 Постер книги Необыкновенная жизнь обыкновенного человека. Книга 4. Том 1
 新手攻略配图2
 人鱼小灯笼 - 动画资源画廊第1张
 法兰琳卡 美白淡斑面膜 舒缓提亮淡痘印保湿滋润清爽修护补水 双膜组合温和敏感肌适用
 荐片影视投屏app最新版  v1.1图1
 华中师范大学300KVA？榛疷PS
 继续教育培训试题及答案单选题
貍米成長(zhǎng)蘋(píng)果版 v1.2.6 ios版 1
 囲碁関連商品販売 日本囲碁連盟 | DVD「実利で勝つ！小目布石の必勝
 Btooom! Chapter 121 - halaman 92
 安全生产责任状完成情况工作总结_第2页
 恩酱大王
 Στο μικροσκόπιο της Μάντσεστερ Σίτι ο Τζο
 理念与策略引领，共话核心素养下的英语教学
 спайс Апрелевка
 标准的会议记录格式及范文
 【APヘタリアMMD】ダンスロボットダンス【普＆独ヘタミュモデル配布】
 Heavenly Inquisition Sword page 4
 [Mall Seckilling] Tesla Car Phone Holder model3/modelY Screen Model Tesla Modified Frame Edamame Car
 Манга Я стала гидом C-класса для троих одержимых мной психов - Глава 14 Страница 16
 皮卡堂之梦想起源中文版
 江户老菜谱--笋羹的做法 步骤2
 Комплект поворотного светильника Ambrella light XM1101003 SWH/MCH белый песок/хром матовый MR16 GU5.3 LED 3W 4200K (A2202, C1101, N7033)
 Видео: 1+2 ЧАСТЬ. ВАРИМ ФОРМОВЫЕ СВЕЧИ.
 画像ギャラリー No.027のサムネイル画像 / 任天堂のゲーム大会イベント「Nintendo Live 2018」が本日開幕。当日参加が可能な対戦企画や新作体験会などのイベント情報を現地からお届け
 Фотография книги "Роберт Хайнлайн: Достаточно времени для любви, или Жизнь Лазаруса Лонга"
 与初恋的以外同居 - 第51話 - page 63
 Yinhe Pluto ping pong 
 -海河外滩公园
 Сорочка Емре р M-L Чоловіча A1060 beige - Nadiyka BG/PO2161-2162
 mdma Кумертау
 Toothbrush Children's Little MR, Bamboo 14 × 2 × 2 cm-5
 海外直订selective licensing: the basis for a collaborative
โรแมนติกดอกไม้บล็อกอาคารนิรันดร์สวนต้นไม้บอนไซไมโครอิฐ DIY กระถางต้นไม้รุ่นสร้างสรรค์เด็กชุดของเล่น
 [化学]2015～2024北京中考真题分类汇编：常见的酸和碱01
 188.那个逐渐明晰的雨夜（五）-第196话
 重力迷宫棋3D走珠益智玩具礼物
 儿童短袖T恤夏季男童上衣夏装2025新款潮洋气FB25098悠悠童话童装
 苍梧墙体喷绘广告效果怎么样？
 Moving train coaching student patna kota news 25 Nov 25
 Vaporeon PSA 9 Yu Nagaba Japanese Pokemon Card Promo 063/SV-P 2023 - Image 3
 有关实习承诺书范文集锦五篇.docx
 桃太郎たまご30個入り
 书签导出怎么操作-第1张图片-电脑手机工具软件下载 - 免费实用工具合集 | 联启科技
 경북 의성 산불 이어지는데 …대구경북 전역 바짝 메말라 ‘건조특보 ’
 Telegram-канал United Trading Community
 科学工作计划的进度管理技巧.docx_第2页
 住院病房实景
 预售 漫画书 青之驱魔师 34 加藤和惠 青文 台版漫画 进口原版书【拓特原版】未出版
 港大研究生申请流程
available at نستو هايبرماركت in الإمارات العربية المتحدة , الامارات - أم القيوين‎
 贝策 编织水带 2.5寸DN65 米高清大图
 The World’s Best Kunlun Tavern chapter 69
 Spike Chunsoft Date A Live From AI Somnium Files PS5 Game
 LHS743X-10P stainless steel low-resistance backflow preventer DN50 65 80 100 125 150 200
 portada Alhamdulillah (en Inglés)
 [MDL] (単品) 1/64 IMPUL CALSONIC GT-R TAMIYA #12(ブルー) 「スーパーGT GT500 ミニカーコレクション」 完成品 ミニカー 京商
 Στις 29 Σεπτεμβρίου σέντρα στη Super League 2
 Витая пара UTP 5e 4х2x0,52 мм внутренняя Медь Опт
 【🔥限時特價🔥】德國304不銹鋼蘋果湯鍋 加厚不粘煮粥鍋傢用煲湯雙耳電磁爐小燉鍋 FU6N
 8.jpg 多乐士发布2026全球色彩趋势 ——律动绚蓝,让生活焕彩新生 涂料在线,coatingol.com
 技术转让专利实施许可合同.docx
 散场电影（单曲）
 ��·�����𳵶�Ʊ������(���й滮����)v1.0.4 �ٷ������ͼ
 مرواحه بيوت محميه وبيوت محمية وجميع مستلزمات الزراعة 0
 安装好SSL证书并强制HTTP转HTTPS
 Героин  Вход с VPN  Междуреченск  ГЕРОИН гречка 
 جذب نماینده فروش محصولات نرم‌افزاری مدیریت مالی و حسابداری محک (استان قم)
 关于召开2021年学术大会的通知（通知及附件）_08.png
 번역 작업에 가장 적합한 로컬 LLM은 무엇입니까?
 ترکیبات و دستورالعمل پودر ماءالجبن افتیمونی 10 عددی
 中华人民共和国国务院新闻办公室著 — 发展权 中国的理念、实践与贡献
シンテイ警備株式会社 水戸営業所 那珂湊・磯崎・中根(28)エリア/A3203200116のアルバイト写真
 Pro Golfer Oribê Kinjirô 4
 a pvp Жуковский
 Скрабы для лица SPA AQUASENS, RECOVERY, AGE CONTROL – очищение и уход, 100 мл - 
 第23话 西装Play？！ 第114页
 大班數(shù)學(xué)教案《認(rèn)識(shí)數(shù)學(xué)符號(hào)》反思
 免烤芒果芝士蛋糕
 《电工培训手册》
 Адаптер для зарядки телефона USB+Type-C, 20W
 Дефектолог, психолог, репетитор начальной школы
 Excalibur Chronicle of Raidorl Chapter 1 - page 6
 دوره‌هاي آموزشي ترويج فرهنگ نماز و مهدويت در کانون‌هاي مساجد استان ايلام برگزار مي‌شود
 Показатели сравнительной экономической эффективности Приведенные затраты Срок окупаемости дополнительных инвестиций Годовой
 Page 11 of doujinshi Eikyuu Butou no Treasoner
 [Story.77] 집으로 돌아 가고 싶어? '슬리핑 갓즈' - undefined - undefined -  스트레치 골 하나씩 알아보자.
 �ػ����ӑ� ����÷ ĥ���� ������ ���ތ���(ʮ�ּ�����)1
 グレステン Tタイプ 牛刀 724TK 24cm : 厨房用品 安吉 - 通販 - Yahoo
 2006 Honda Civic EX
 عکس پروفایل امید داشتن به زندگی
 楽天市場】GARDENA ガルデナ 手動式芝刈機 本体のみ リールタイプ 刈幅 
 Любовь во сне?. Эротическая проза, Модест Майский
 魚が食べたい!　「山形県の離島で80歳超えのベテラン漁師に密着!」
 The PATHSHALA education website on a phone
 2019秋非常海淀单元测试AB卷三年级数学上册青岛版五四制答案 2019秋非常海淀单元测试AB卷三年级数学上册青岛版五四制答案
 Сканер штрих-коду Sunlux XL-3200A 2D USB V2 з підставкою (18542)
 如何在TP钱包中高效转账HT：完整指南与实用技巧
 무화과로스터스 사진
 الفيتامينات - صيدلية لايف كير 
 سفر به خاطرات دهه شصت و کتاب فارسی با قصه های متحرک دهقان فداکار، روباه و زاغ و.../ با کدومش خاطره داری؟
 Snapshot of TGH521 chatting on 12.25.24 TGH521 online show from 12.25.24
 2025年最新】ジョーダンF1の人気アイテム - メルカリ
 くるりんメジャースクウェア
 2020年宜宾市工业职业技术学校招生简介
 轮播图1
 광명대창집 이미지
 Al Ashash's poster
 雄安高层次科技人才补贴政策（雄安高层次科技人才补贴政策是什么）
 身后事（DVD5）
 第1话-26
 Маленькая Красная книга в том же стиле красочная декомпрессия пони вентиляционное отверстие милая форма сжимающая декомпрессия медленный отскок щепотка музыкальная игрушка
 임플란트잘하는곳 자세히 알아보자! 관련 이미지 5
━━━
§ Work required: Would you quote everything above from the line containing "儿童短袖T恤夏季男童上衣夏装2025新款潮洋气FB25098悠悠童话童装" down to the line containing "دوره‌هاي آموزشي ترويج"? Include both of those lines and nothing else.

§ Final answer:
 儿童短袖T恤夏季男童上衣夏装2025新款潮洋气FB25098悠悠童话童装
 苍梧墙体喷绘广告效果怎么样？
 Moving train coaching student patna kota news 25 Nov 25
 Vaporeon PSA 9 Yu Nagaba Japanese Pokemon Card Promo 063/SV-P 2023 - Image 3
 有关实习承诺书范文集锦五篇.docx
 桃太郎たまご30個入り
 书签导出怎么操作-第1张图片-电脑手机工具软件下载 - 免费实用工具合集 | 联启科技
 경북 의성 산불 이어지는데 …대구경북 전역 바짝 메말라 ‘건조특보 ’
 Telegram-канал United Trading Community
 科学工作计划的进度管理技巧.docx_第2页
 住院病房实景
 预售 漫画书 青之驱魔师 34 加藤和惠 青文 台版漫画 进口原版书【拓特原版】未出版
 港大研究生申请流程
available at نستو هايبرماركت in الإمارات العربية المتحدة , الامارات - أم القيوين‎
 贝策 编织水带 2.5寸DN65 米高清大图
 The World’s Best Kunlun Tavern chapter 69
 Spike Chunsoft Date A Live From AI Somnium Files PS5 Game
 LHS743X-10P stainless steel low-resistance backflow preventer DN50 65 80 100 125 150 200
 portada Alhamdulillah (en Inglés)
 [MDL] (単品) 1/64 IMPUL CALSONIC GT-R TAMIYA #12(ブルー) 「スーパーGT GT500 ミニカーコレクション」 完成品 ミニカー 京商
 Στις 29 Σεπτεμβρίου σέντρα στη Super League 2
 Витая пара UTP 5e 4х2x0,52 мм внутренняя Медь Опт
 【🔥限時特價🔥】德國304不銹鋼蘋果湯鍋 加厚不粘煮粥鍋傢用煲湯雙耳電磁爐小燉鍋 FU6N
 8.jpg 多乐士发布2026全球色彩趋势 ——律动绚蓝,让生活焕彩新生 涂料在线,coatingol.com
 技术转让专利实施许可合同.docx
 散场电影（单曲）
 ��·�����𳵶�Ʊ������(���й滮����)v1.0.4 �ٷ������ͼ
 مرواحه بيوت محميه وبيوت محمية وجميع مستلزمات الزراعة 0
 安装好SSL证书并强制HTTP转HTTPS
 Героин  Вход с VPN  Междуреченск  ГЕРОИН гречка 
 جذب نماینده فروش محصولات نرم‌افزاری مدیریت مالی و حسابداری محک (استان قم)
 关于召开2021年学术大会的通知（通知及附件）_08.png
 번역 작업에 가장 적합한 로컬 LLM은 무엇입니까?
 ترکیبات و دستورالعمل پودر ماءالجبن افتیمونی 10 عددی
 中华人民共和国国务院新闻办公室著 — 发展权 中国的理念、实践与贡献
シンテイ警備株式会社 水戸営業所 那珂湊・磯崎・中根(28)エリア/A3203200116のアルバイト写真
 Pro Golfer Oribê Kinjirô 4
 a pvp Жуковский
 Скрабы для лица SPA AQUASENS, RECOVERY, AGE CONTROL – очищение и уход, 100 мл - 
 第23话 西装Play？！ 第114页
 大班數(shù)學(xué)教案《認(rèn)識(shí)數(shù)學(xué)符號(hào)》反思
 免烤芒果芝士蛋糕
 《电工培训手册》
 Адаптер для зарядки телефона USB+Type-C, 20W
 Дефектолог, психолог, репетитор начальной школы
 Excalibur Chronicle of Raidorl Chapter 1 - page 6
 دوره‌هاي آموزشي ترويج فرهنگ نماز و مهدويت در کانون‌هاي مساجد استان ايلام برگزار مي‌شود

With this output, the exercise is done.